Bientôt des fonctionnalités adaptées ?
S'il s'agit, dans un premier temps, d'une expérimentation au sein des 130 associations d'aide aux victimes de la fédération, le déploiement de la plateforme au grand public est prévu pour début 2021. A noter que « comme il s'agit d'une web-application, nul besoin de la télécharger et le logo n'apparaît donc pas sur l'écran d'accueil, précise l'association. D'autre part, en cliquant sur le bouton 'Vite, je quitte', l'utilisateur est renvoyé sur la page Météo France. Il est ensuite impossible de revenir sur le site en cliquant sur la flèche 'Précédent'. » S'il n'existe, pour l'heure, pas de dispositif spécifique pour les femmes en situation de handicap, l'association mise sur une collecte de fonds en 2021 pour mettre en place de nouvelles fonctionnalités, et notamment l'adaptation de l'appli (caractères agrandis ou dictée vocale).

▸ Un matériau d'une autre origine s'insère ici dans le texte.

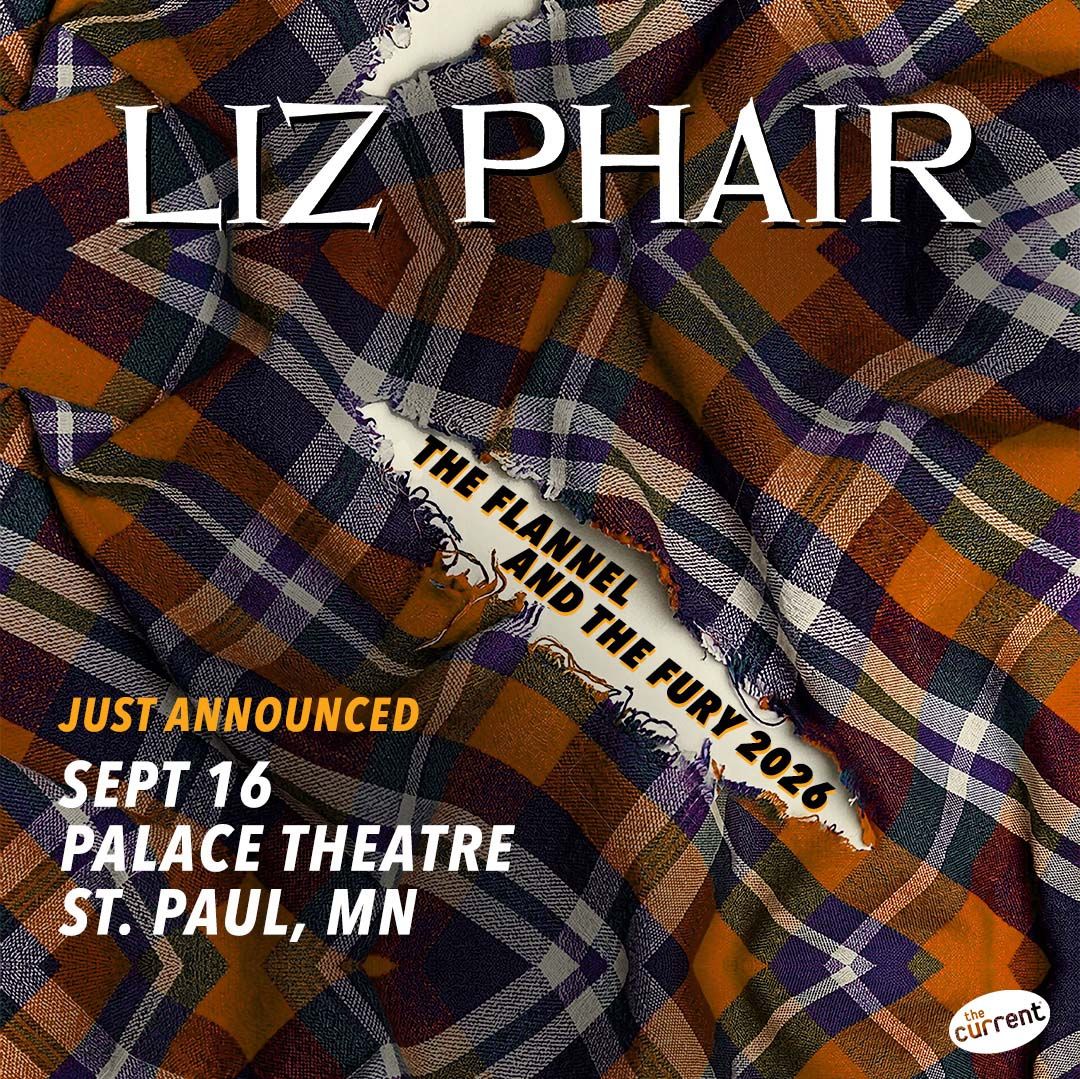 Liz Phair at State Theatre Portland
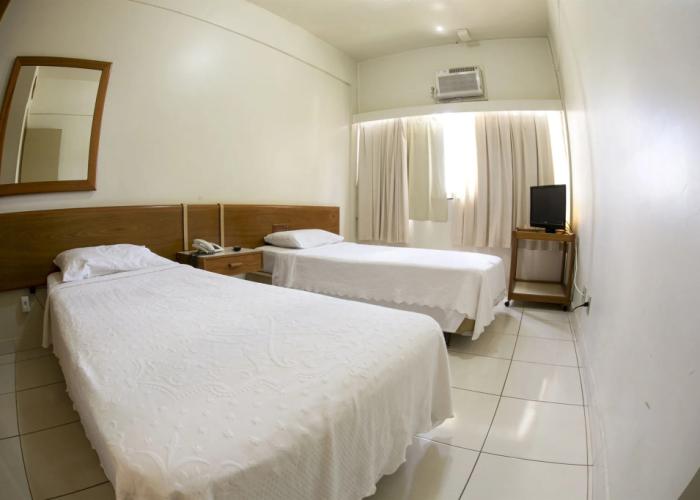 Uberaba Apart Hotel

En parallèle, France victimes propose un accompagnement tout au long du parcours judiciaire, de l'infraction jusqu'à l'indemnisation de la victime et l'exécution de la peine. Rappelons qu'en France, une femme meurt tous les deux jours, en moyenne, sous les coups de son (ex-)conjoint et qu'une victime de féminicide sur trois avait déposé plainte... classée sans suite. De même, selon France victimes, sur 1 000 viols, seules 100 personnes portent plaintes, et 73 sont classés sans suite par manque de preuves. Au final, seule une plainte sur 100 aboutit à une condamnation.

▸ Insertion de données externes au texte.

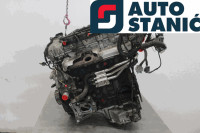 Motor CHEVROLET ORLANDO (Z20D1) | OEM: 25196685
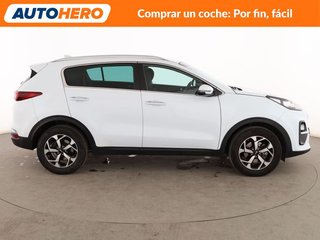 Kia Sportage 1.6 Emotion 2WD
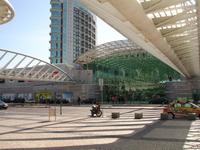 Shopping Centre Vasco da Gama auf dem ehemaligen Expo-Gelände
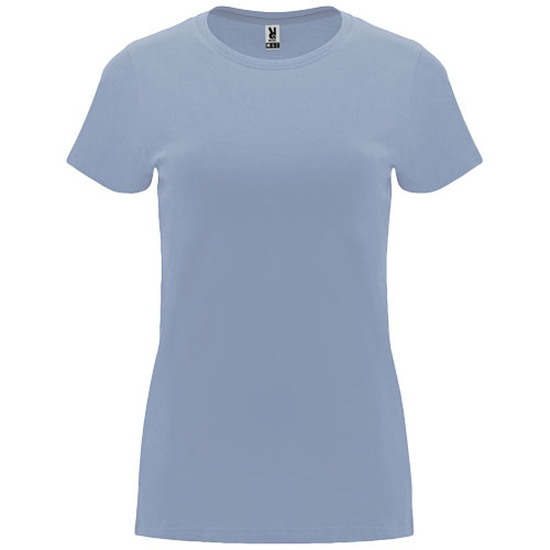 Capri T-Shirt für Damen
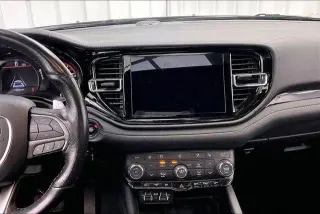 Dodge Durango 2021 AWD Citadel 4dr SUV
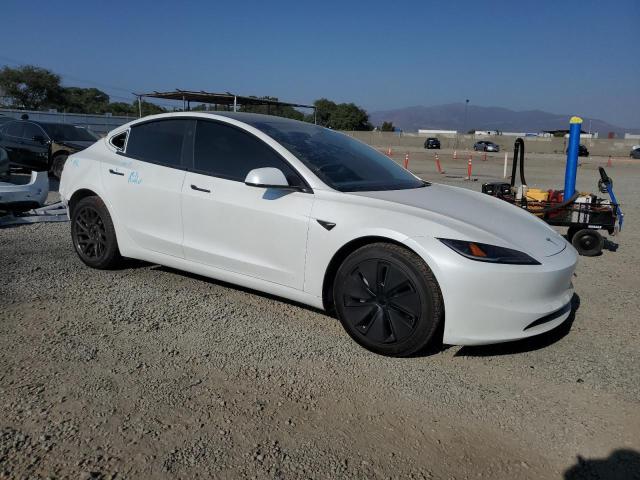 Photo 4 from auction – 2024 TESLA MODEL 3 with VIN 5YJ3E1EB9RF763034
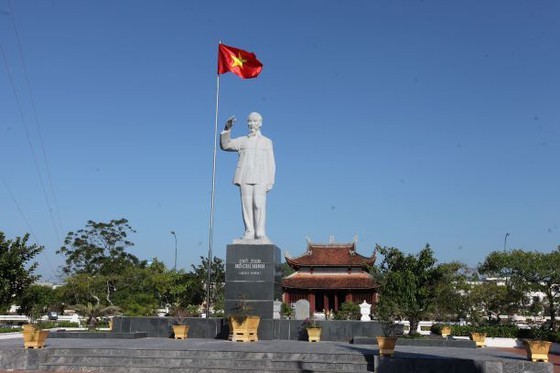 Quang Ninh opens Co To Summer Tourism Week ảnh 1 Quang Ninh opens Co To Summer Tourism Week ảnh 1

Un partenariat avec APF France handicap
Par ailleurs, France victimes a signé un partenariat avec APF France handicap en décembre 2017, pour travailler ensemble à « une meilleure prise en charge des victimes en situation de handicap », « cinq fois plus touchées par les violences intrafamiliales que le reste de la population ». La fédération s'est également engagée à intervenir, sous peu, lors d'une formation organisée par APF France handicap sur le thème « violences sexuelles et handicap ». Elle vise à former les professionnels des secteurs sanitaire, social et médico-social accompagnant des enfants et des adultes handicapés. Le but est, notamment, de développer leurs connaissances juridiques (définition du harcèlement, d'un viol...), de les sensibiliser aux violences conjugales et à leur impact sur la santé mais aussi de connaître les ressources à disposition sur le territoire.
Grenelle violences : 23 mesures réalisées
Un an après la conclusion du Grenelle contre les violences conjugales, sur les 46 mesures annoncées, 23 ont été réalisées, 20 sont « en cours » et trois ne sont pas encore construites, selon le gouvernement qui doit présenter un nouveau bilan le 25 novembre 2020. Parmi les mesures à venir, l'extension des horaires du numéro d'écoute national, anonyme et gratuit, 3919, et sa mise en accessibilité aux personnes en situation de handicap est la plus attendue. Rappelons que pour toute personne en danger immédiat, il convient d'appeler le 17 ou le 18 mais d'autres solutions, plus discrètes, ont été mises en place, tel que l'envoi de sms au 114, un numéro à l'origine destiné aux personnes sourdes et malentendantes (article en lien ci-dessous), qui se chargera d'alerter les secours. Par ailleurs, il existe une plateforme d'écoute Stop-violences-femmes.gouv.fr et celle de signalements arretonslesviolences.gouv.fr, opérationnelle 24 heures sur 24.